Paul: Now I can’t use the F word, technically, because fractal cosmology has this very storied history. Like Mandelbrot, you know the Mandelbrot stuff, he thought the whole structure of the universe was totally fractal, there was maybe some evidence early on and say, “Oh, the answer is fractals everywhere.” In the early ‘90s this view became highly – not something that reasonable people would talk about. So I don’t like to use the word fractal, but in these cosmic voids, and we’ve actually seen evidence of this in our analyses, that there is a certain self-similar structure to the voids where you can zoom in and you recover similar kinds of properties and you zoom in and you recover similar – there’s a fractal-like nature –

Pamela: And the problem here, for those of you who are missing the mathematical subtleness of this, is when you say something is fractal in the noncolloquial way, if you say something is fractal in the highly technical mathematical way, you can identify something’s fractal number. So for instance, different modern artists you can tell their paintings apart because the splatter patterns have a different fractal number. Well, it turns out that you can’t really say something is fractal if the number that describes how the structures scales changes. And the web that’s inside of the void may not have the same fractal number as the parent. Therefore, you can’t actually say it’s fractal in the specific scientific sense, but you can say it’s webs all the way down.
Paul: Right. It’s self-similar, sure.

Fraser: Now all of the fractal astronomers can save their emails now.

Paul: Yeah, don’t bother.

Fraser: They don’t have to send them.

Paul: I have seen one author in one paper describing this phenomenon, call voids a non-lacunar multifractal. I’m not exactly sure what those words mean, but it sounds pretty cool.

Fraser: It sounds recursive to me.

Paul: It sounds – and eventually this scale does break – these properties do break down because eventually you get down to things like galaxies themselves. Like I’m not a fractal, I’m not self-similar, last time I checked. So this is only within a certain range of very –

Fraser: Right. It’s not a series of Pauls nesting inside each other, like Russian nesting dolls, to the vastest scales of the universe.

Pamela: That would be highly disturbing. We like one Paul, we do not need –

Paul: Yeah, one Paul is more than enough.

Fraser: So, right, but I think if we get down to that smallest scale, if I’m an astronaut floating around, it I’m a [inaudible] that suddenly appeared in the middle of one of these cosmic voids, what’s around me?

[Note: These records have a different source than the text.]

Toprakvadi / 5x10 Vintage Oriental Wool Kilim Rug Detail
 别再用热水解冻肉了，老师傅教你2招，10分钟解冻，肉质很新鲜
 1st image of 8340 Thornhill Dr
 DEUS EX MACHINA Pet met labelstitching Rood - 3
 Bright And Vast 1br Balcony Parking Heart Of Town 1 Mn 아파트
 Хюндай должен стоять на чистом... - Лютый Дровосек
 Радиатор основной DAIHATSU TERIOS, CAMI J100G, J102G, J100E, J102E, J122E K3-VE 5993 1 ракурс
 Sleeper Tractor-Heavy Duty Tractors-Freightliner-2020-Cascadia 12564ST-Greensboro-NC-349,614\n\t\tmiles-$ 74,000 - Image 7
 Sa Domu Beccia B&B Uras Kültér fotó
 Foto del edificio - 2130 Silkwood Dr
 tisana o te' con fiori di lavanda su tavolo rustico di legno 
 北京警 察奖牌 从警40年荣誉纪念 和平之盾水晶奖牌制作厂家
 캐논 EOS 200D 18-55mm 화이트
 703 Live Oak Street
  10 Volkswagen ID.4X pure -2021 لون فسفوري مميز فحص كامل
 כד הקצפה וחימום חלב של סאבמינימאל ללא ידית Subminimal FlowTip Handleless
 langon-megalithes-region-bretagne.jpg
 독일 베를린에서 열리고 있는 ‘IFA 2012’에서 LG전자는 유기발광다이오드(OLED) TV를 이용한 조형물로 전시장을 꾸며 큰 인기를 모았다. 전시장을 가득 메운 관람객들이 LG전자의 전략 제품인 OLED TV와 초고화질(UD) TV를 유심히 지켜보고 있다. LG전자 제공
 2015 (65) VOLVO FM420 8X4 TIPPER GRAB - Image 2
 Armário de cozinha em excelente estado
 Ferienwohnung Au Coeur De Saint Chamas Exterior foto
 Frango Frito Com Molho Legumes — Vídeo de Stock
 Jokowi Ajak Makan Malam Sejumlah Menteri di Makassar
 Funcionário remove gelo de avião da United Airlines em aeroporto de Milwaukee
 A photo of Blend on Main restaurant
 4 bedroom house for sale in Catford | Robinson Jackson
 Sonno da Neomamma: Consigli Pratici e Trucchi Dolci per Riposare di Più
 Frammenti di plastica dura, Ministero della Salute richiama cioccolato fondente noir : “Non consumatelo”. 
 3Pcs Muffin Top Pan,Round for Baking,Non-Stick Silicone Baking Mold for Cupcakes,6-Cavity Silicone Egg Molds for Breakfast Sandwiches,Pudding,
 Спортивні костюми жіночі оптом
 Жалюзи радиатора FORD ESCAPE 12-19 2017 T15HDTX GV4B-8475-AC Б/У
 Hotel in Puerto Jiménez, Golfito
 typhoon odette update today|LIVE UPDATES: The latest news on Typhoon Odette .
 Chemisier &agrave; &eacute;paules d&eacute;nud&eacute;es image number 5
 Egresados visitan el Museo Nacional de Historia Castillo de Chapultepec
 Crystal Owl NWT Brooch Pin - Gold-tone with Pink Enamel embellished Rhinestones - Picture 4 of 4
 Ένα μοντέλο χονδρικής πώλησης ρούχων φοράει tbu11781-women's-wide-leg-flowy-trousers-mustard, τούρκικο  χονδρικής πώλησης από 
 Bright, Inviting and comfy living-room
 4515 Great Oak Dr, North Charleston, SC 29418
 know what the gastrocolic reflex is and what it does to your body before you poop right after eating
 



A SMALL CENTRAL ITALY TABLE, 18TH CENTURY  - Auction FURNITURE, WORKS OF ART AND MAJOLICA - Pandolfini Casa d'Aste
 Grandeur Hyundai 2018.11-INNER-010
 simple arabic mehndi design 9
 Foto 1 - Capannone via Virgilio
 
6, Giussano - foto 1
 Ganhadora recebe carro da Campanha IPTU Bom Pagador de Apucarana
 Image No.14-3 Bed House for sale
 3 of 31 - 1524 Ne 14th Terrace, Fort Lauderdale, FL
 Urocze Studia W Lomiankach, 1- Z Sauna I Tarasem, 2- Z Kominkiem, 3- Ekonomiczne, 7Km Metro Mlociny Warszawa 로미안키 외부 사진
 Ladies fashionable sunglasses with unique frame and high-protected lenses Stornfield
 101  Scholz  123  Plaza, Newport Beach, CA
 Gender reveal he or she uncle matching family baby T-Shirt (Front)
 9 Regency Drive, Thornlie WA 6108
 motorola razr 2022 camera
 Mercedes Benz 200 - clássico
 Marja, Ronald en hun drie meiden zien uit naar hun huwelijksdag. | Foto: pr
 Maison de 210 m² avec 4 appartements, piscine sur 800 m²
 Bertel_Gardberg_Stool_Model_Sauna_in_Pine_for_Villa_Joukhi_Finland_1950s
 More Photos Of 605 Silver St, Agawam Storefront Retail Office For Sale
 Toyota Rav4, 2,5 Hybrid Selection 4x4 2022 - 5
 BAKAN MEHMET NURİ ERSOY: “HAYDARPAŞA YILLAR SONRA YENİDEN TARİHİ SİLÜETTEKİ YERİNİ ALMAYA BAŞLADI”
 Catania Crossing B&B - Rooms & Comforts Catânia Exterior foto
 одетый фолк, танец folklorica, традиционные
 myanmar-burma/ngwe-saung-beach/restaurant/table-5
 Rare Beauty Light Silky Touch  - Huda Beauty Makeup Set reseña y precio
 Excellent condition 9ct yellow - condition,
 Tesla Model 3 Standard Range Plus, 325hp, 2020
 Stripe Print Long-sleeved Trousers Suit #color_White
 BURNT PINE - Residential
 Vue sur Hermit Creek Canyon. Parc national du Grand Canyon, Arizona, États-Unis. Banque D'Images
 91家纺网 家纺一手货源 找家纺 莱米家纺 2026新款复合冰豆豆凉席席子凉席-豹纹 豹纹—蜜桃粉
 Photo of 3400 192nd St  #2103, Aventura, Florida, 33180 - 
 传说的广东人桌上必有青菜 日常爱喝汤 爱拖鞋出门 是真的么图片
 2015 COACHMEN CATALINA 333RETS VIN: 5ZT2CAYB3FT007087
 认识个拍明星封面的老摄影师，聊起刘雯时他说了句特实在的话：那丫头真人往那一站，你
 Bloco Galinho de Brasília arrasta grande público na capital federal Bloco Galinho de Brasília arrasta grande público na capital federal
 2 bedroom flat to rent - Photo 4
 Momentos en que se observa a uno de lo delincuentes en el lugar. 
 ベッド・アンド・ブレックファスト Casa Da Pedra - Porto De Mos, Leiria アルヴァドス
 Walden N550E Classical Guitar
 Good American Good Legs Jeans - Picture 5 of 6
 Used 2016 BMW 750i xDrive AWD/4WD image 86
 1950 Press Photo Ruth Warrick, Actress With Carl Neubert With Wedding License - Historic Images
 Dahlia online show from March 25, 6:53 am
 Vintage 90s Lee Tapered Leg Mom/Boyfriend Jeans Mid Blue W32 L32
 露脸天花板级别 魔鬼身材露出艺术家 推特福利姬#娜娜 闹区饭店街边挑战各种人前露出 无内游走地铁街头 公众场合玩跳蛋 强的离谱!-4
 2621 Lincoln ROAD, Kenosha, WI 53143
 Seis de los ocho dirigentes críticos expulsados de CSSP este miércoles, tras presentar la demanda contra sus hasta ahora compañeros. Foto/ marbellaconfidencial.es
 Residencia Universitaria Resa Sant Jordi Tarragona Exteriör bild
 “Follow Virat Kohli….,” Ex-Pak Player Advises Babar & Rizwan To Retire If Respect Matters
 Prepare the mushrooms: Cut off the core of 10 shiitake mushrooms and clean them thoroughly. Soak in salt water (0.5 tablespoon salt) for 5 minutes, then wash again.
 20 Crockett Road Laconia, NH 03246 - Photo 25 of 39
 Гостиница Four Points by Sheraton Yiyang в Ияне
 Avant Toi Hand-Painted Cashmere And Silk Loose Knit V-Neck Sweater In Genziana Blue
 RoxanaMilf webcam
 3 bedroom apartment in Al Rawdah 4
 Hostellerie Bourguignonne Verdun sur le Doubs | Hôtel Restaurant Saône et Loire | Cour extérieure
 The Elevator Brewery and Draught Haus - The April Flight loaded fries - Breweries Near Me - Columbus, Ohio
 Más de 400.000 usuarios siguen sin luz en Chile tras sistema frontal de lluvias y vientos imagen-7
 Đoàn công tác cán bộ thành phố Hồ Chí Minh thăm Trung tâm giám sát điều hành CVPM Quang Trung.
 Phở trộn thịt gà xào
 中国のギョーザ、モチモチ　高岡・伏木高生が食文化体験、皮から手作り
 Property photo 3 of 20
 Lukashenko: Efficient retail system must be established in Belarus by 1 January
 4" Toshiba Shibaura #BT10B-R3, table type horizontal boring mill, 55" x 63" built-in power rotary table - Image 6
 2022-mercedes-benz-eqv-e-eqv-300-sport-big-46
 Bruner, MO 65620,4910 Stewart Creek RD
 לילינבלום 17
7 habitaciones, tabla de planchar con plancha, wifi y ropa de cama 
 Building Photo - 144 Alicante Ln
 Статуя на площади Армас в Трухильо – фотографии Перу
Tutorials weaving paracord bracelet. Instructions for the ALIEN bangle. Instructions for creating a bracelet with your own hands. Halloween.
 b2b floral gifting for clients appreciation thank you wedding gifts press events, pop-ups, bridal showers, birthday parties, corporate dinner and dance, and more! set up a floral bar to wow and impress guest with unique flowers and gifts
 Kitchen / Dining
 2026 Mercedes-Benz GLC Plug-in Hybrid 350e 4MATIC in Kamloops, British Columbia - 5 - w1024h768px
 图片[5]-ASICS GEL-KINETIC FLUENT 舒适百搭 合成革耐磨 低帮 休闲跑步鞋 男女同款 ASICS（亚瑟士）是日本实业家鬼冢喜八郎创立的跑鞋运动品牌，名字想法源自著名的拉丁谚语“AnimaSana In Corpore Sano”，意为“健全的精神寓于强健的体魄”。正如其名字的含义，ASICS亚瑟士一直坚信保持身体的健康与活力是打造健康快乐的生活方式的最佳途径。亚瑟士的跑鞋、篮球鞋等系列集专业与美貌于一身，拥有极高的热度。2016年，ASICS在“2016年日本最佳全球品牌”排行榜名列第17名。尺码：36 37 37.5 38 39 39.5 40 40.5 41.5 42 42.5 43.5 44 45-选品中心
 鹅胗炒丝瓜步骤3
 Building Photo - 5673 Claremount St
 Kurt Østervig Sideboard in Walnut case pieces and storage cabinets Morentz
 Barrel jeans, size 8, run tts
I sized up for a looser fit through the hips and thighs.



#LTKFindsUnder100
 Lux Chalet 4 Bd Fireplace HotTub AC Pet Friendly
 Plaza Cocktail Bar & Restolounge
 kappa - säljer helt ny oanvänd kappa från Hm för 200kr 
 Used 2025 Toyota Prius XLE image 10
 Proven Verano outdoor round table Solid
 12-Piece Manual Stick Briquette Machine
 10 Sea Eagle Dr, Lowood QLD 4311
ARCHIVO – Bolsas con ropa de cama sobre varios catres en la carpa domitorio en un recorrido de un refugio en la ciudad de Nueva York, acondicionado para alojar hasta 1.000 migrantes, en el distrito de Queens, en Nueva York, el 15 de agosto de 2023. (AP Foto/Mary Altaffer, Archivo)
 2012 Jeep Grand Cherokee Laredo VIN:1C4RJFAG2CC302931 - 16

Paul: Yeah, I’ve gotten this question before. If our intelligent life arose in one of these very dim galaxies that inhabit the voids, what would the universe look like? The answer is it wouldn’t look much different. Our night sky is dominated by 6,000 really, really close stars all right? Whether you’re a void galaxy or a galaxy in a cluster that’s not really gonna change. Maybe the colors will change, the population of stars will change, but the night sky won’t look much different. And then you won’t have something like the Andromeda galaxy that’s barreling in on us, you won’t have that.

Fraser: Right. So in perfectly dark conditions, you won’t see that fuzzy spot off in the distance.

Paul: Yeah, yeah, yeah.

Pamela: You wouldn’t have the Large and Small Magellanic Clouds.

Paul: Probably not. Exactly. Your galaxy will probably be smaller and dimmer in general, fewer stars; it will be [inaudible].

Pamela: No grand spiral design because that requires friends.

Paul: Probably not. Yep, exactly. But then when you start doing cosmology, when you’re the Edwin Hubble equivalent, all the other answers come out pretty much the same.

Fraser: Right. But then, I guess in the medium term is you had the beginning power telescopes, you wouldn’t see any other galaxies. And then as you got really powerful telescopes, then you would start to see galaxies –

Paul: And then it’s like, “Oh, man. There’s all sorts of stuff in the universe.”

Fraser: Right. It all just happens to be billions of light years away.

Pamela: The what our galaxy’s debate probably would have been delayed until probably the ‘60s.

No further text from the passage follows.